- How to complete this task -
Every line in the records below that holds "Photo" must be identified and copied.

- Data section -
-*-*-

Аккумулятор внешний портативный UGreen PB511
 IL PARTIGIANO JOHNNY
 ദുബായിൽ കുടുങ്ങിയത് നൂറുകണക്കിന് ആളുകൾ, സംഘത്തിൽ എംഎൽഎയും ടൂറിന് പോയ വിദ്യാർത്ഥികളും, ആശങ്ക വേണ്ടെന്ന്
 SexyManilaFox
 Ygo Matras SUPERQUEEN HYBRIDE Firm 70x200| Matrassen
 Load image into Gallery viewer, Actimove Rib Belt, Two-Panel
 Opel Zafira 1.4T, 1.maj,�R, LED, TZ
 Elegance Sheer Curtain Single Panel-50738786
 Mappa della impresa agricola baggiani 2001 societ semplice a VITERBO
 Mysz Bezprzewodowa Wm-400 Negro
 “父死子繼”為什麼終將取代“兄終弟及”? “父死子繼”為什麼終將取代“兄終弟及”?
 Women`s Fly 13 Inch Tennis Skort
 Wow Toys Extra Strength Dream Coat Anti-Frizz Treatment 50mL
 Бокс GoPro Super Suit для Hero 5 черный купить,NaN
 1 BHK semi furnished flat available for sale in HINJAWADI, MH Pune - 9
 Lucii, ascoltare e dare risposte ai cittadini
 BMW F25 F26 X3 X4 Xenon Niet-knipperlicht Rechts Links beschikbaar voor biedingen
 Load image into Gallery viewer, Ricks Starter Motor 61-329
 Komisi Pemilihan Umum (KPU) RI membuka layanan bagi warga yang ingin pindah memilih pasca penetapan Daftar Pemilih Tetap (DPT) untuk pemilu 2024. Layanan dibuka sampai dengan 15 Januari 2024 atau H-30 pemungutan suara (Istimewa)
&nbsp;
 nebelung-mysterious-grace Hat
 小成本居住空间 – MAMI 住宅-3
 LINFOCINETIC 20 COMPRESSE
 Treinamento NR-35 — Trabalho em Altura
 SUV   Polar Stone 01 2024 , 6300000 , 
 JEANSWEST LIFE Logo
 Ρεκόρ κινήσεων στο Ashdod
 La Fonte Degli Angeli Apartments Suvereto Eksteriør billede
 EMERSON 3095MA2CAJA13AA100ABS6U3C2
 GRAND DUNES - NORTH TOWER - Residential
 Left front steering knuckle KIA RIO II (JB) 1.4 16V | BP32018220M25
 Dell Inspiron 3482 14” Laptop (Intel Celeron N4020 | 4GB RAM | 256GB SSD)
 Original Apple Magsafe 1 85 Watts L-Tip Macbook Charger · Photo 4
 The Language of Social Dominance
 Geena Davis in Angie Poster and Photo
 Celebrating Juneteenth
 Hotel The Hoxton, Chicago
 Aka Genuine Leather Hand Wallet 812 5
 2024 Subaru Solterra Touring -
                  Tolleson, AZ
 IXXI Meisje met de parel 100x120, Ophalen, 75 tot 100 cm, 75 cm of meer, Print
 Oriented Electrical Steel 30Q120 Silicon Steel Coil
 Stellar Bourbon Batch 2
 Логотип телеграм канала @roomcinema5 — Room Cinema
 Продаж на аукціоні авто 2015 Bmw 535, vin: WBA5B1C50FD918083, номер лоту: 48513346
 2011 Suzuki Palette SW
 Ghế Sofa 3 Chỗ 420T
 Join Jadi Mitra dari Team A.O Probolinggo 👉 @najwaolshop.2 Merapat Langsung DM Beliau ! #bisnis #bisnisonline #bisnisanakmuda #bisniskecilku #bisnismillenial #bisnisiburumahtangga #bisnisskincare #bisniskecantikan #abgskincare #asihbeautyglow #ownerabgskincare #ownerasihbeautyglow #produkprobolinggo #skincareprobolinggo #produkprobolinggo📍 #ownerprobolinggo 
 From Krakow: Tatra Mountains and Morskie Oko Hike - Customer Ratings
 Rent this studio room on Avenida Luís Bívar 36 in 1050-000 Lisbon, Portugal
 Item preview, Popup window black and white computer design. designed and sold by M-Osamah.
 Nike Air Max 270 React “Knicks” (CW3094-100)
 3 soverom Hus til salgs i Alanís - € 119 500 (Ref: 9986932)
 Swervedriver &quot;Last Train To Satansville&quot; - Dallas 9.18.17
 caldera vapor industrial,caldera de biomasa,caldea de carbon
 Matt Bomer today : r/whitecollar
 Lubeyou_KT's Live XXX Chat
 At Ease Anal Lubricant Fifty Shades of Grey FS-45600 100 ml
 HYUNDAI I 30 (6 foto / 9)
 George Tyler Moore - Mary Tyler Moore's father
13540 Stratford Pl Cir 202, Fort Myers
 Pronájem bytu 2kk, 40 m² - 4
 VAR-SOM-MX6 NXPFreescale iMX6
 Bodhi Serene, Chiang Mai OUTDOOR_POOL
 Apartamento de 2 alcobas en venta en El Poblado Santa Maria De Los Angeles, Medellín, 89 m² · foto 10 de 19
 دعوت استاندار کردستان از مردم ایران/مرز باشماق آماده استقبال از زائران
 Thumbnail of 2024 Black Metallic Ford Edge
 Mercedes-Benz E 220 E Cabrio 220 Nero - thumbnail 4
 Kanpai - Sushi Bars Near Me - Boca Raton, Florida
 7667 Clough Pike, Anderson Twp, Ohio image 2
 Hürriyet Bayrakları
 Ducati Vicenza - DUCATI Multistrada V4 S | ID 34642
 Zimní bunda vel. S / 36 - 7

-*-*-

- Output below -
 Original Apple Magsafe 1 85 Watts L-Tip Macbook Charger · Photo 4
 Geena Davis in Angie Poster and Photo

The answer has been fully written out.